In the event USAAF had no use for the airfield so it passed briefly to RAF Bomber Command before passing to Coastal Command in August 1944. Until closure in 1945 the airfield was used by various RAF and FAA squadrons operating such diverse types as Warwick, Barracuda, Walrus, Swordfish, Sea Otter and Albacore on air-sea rescue and anti-shipping duties. At one time Beccles was called HMS Hornbill II.
One of Beccles few claims to fame is that in 1944 it was used by Mosquitos of 618 Squadron to practice dropping spinning bombs called 'Highball' which were a derivative of the bombs used by 617 Squadron to breach the dams.
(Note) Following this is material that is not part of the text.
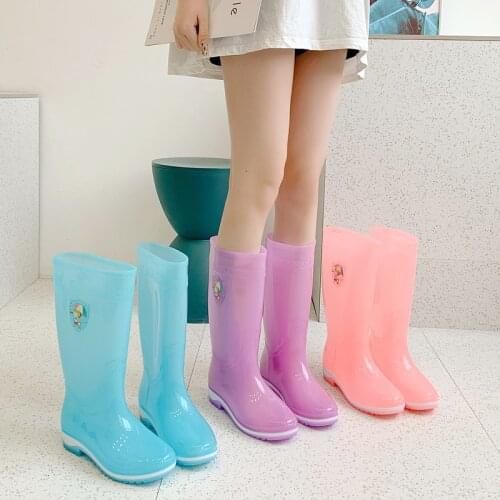 2021 summer Boots for Women Waterproof outdoor work shoes high-tube Cute transparent candy color Fashion Female PVC Rainboots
The use of 'Highball' is shown in the 1970 fictious film 'Mosquito Squadron' (marvellous wooden aircraft, terrible wooden actors).
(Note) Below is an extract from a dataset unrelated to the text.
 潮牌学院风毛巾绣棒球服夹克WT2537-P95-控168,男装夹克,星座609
After the war Beccles remained dormant until 1965 when it became a heliport serving North Sea oil rigs until that operation transferred to Norwich airport.
In 1997 Rainer Forster transferred his aircraft from Swanton Morley and began operating initially from a portacabin and a caravan. It has taken much hard work to get from those humble beginnings to the professional operation that now exists.
Although Beccles does not have an illustrious history like many of the areas WWII airfields at least it has not suffered the fate of many like Halesworth which has been taken over by turkey sheds. Today Beccles airfield is home to, in addition to RainAir, model aircraft flying, and karting.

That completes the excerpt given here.